Wilma Pearl Mankiller was born in Tahlequah, Oklahoma, the sixth of eleven children, to Charley Mankiller (November 15, 1914 – February 20, 1971) and Clara Irene Sitton (born September 18, 1921). Her father was a full-blooded Cherokee and her mother was a Caucasian woman of Dutch and Irish descent who acculturated herself to Cherokee life.

The family surname, Mankiller, refers to a traditional Cherokee military rank; it is Asgaya-dihi in the Cherokee language. Alternative spellings are Outacity or Outacite.

The Mankiller family was destitute, and initially resided on Charley’s allotment lands of Mankiller Flats near Rocky Mountain, Oklahoma. In 1942, during World War II, the United States Army exercised eminent domain for military purposes and took over the land of 45 Cherokee families, including the Mankillers, in order to expand Camp Gruber. The Mankillers willingly left Oklahoma under the Bureau of Indian Affairs' Indian Relocation Program. The family relocated to San Francisco in 1956, and later settled in Daly City.

In 1963, at the age of 17, Mankiller married Hector Hugo Olaya de Bardi, an Ecuadorian college student. They moved to Oakland and had two daughters, Felicia Olaya, born in 1964, and Gina Olaya, born in 1966.

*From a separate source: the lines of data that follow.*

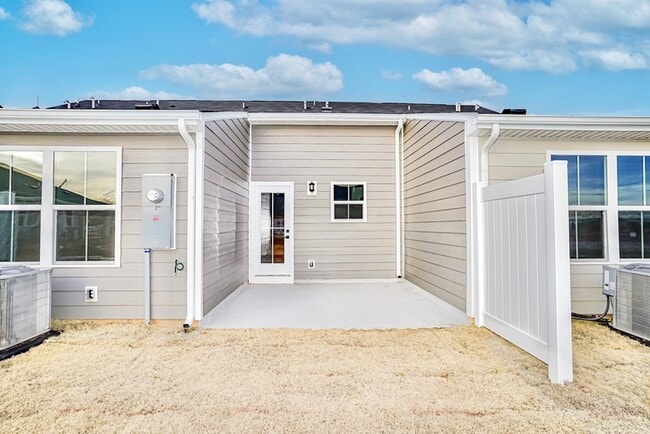 Building Photo - 513 Roan Creek Trl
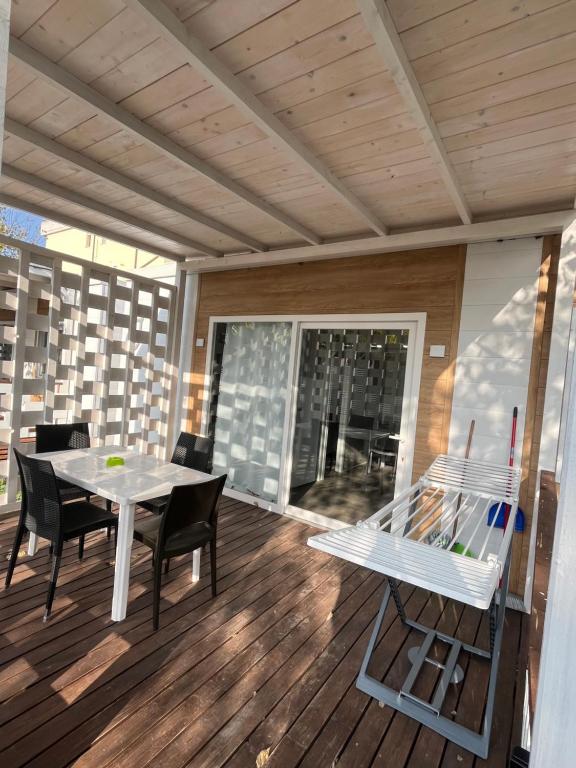 A balcony or terrace at Camping Adriatico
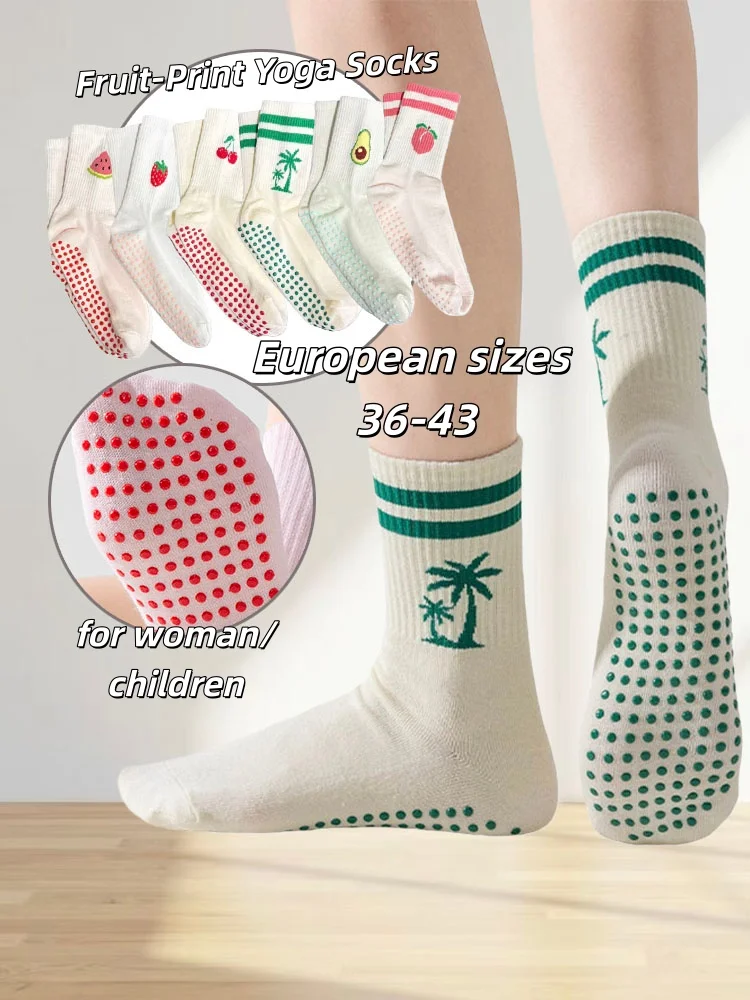 Taglie europee 36-43, 1 paio di calzini da yoga con stampa di frutta con suole in gomma, lunghezza a metà polpaccio, traspiranti e antiscivolo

Mankiller returned to school, first at Skyline College, and then San Francisco State University. Her bachelor’s degree in the social sciences was from Flaming Rainbow University in Stilwill, OK, and she did graduate work at the University of Arkansas. She had been very involved in San Francisco’s Indian Center throughout her time in California. In the late 1960s, Mankiller joined the activist movement and participated in the Occupation of Alcatraz Island in 1969. For five years, she volunteered for the Pit River Tribe.

After divorcing Hugo Olaya, in 1977 Mankiller moved back to Oklahoma with her two young daughters, in hopes of helping her own people. She began an entry-level job for the Cherokee Nation.